Chuang et al. [15, 16] proposed a kernel based tracking approach to track the foreground objects to analyze their transferring condition between carried object and its owner. In [35], particle filtering and blob matching techniques are used to track the objects. Miguel et al. [75] employed an object tracker to create a trajectory graph for each blob based on color, size and distance rules to identify the stationary object in the video. Yang et al. [116] employed blob tracking by using center of mass point to track the baggage and owner. Prabhakar et al. [90] applied a tracking approach to plot the trajectory of the object using centroids, height and width to find the location of object. Chitra et al. [14] also employed a trajectory system to track abandoned objects. Pavitradevi et al. [81] employed color histogram to track the colored object and a blob tracking is employed in [8]. Lu et al. [68] employed Kalman based filtering and tracked the moving objects using color and shape features. Denman et al. [20] applied condensation filter to track the people with optical flow and color. Lv et al. [69] combined a Kalman filter-based blob tracker with a shape-based human tracker to detect objects and people in motion. Spengler et al. [99] employed a Bayesian multi-people tracking module to track arbitrary number of objects. There are several works have been employed tracking approach for object or human tracking [4, 8, 41, 93, 104, 123].

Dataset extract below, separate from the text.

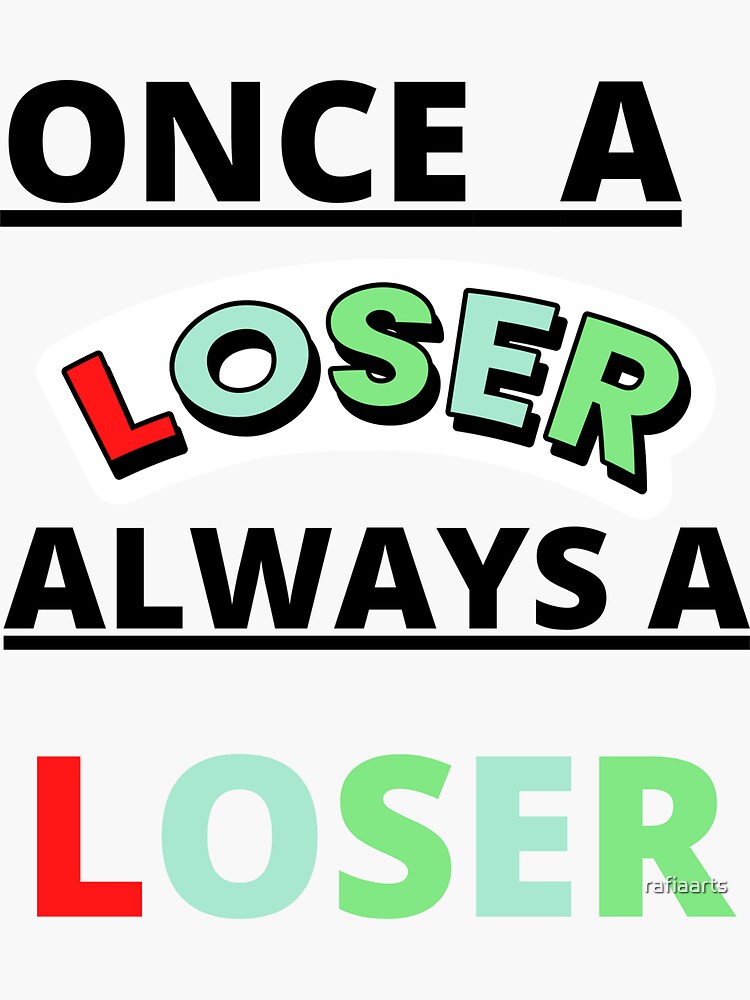 once-a-loser-always-a-loser-sticker-for-sale-by-rafiaarts-redbubble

4.2.2 Human tracking for owner identification

Bhargava et al. [7] performed backtracking of the owner after finding the stationary object to decide that object is abandoned or not. Liao et al. [62] used tracking algorithm based on color and human body contour to detect the owner of the abandoned object in the video. Recently, Lin et al. [63, 64] detected the static object by using pixel based finite state machine and after that back tracked to the owner to analyze the abandonment of the object. The back tracing of owner with pixels based finite state machine worked well in comparison to the pixel based FSM only.

4.2.3 Object trajectories as complement information to reduce false positives

Nam [78] employed the tracking approach only for using trajectory information as a complementary to reduce the false positives in complex video scenes. Tian et al. [105] also used tracking information as an additional cue to reduce the false detections. Sajith et al. [93] utilized tracking to reduce the false positives.

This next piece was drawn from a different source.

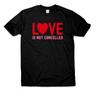 Love Is Not Cancelled Valentines Day T-Shirt Gift Present Ideas for Women Girls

4.2.4 Interactions between background subtraction and tracking to handle slow-moving and stopped objects

Tian et al. [106] created a feedback mechanism that creates interaction between background subtraction and tracking that handles the slow moving and stopped object problem.

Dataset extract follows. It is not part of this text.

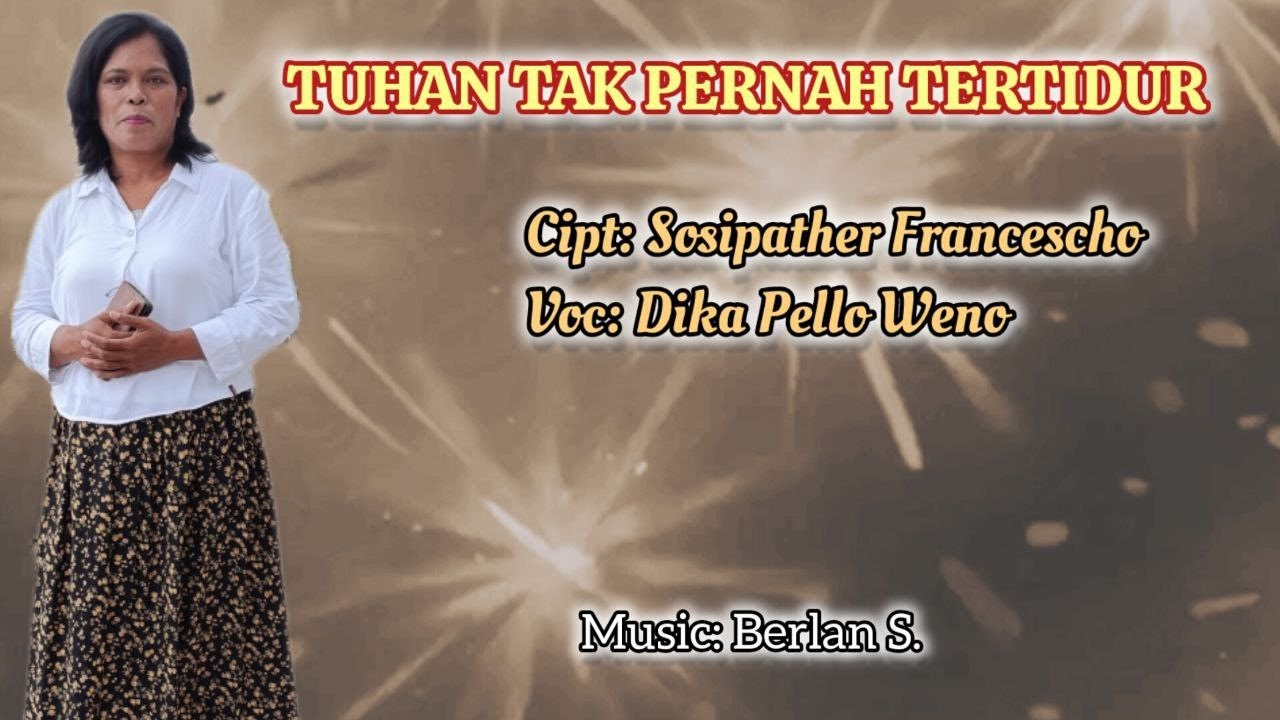 TUHAN TAK PERNAH TERTIDUR || Dika Pello Wenno || Cipt.Sosipather Fransescho || Lagu Rohani Terbaru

Most of the proposed algorithms for abandoned object detection are dependent on tracking information. These methods do not work in complex environments like scenes involving crowds and large amounts of occlusion. Several researchers have not employed the tracking based abandoned object detection due to the occlusion, complex object shapes, deformable objects and a fixed camera angle which cause erroneous tracking. Table 2 shows tracking based approaches used for object tracking to identify static objects but occlusion cannot be handled. In spatial rule, owner is traced to check his/her presence; if owner is present in the scene of the video then static object is not considered as an abandoned object. But, in case of owner is occluded then this system will generate false alarm. Lately, few researchers started to use tracking as complement information to reduce the false positive rate and also utilized to handle the slow moving and stopped object problem but sometimes system fails when object become stationary for long duration. While tracking is being used as complement information that improves the performance of the visual surveillance system by reducing false positive rates but could not reduced false positive rate up to 0% label.

Table 2 Different tracking approaches employed for object tracking, owner tracking, tracking as complement information to reduce false positives

4.3 Localization of a static object based on non- tracking based approaches

The use of tracking information could not handled the occlusion, low contrast situations in a very complex video sequences. Many researchers have employed non-tracking based approaches. Selecting appropriate features plays a vital role in the recognition of abandoned or removed object from intelligent video surveillance. The goal of feature extraction is to find the most important information in the recorded video. To detect the stationary objects in a video by handling occlusion, illumination effects is very critical job. Therefore, some features of objects are extracted from video to make distinction between moving and stationary objects.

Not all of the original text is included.